# My chicken’s toenail fell off 😰



## Hania41806 (May 4, 2021)

The day before yesterday, I went out to my coop and found that one of my silkie’s (Droppy’s) toenail fell off. All that was left was a little light pink nub and some blood.

I have no idea how this happened. I have no clue how she didn’t bleed more. I cleaned it with a warm rag but I couldn’t find blu-kote so I didn’t put anything else on it.

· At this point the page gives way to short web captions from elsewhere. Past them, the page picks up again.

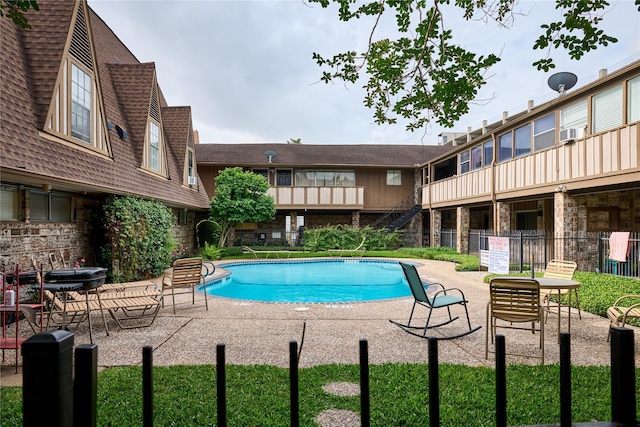 2574 Marilee Ln Unit 1, Houston, TX 77057 - community pool with a patio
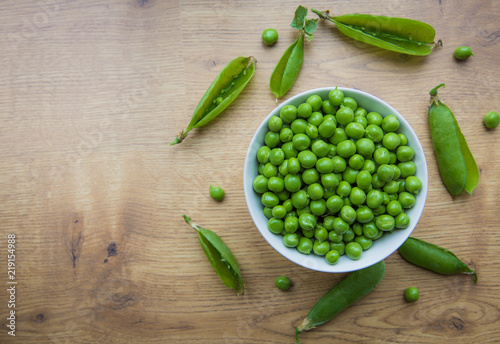 A bowlful of freshly picked and podded homegrown garden peas on a wooden table top photo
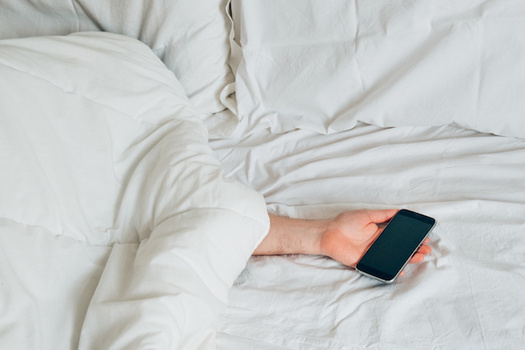 Research finds kids learn better when they have a good night's sleep  and powering down cell phones and other screens could be key. (Paolese/Adobe Stock)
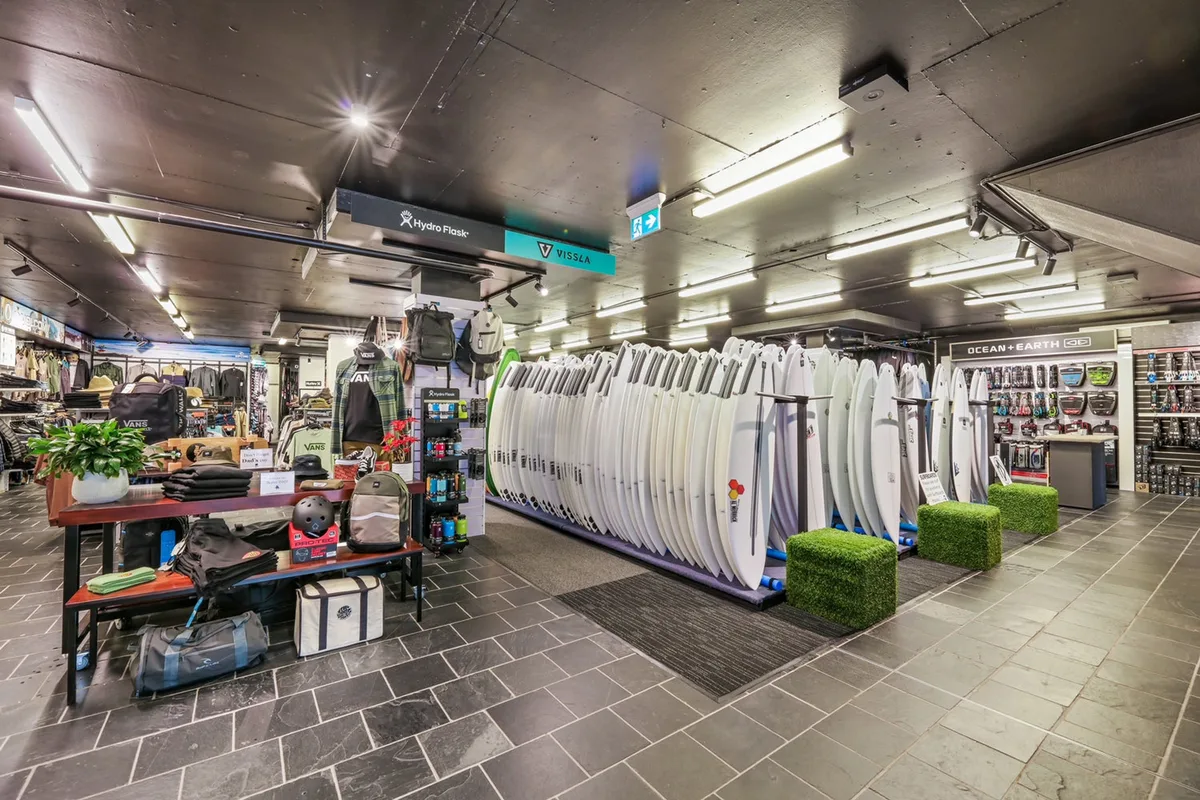 Surfboards lined up inside Triple Bull Surf & Skate in Cronulla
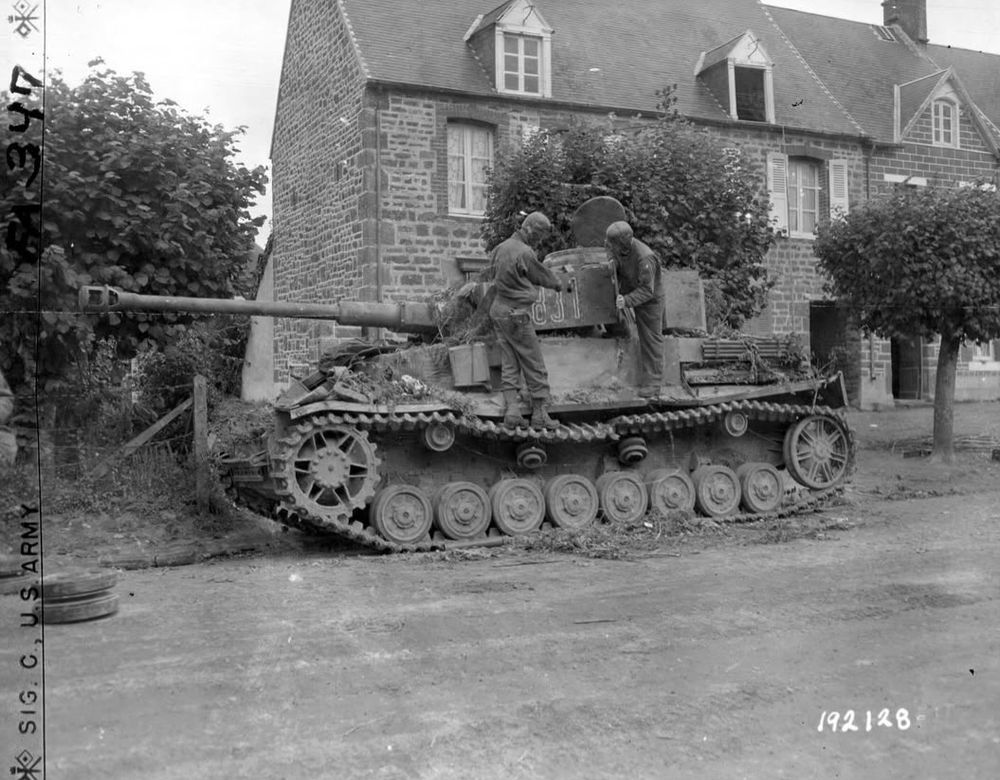 B/W photo of a knocked out German PzIV with two American tank crew examining it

Yesterday her nub was a little more red but today it is dried up and brown. Could this have been because her nails are too long? I’m too scared to cut them because they are dark and I cannot see the quick (I’m not sure if that’s how you spell it). How else could I make sure this doesn’t happen again?


----------



## robin416 (Sep 8, 2013)

The nail should be fine. But I don't understand why the foot looks so rough. She might have scaly leg mites.


----------



## Hania41806 (May 4, 2021)

She doesn’t. It’s just crusty poop on her foot 😅


----------



## robin416 (Sep 8, 2013)

Why does she have crusty poop on her foot? Don't you have some sort of bedding down to keep the feet cleaner?


----------



## Hania41806 (May 4, 2021)

robin416 said:


> Why does she have crusty poop on her foot? Don't you have some sort of bedding down to keep the feet cleaner?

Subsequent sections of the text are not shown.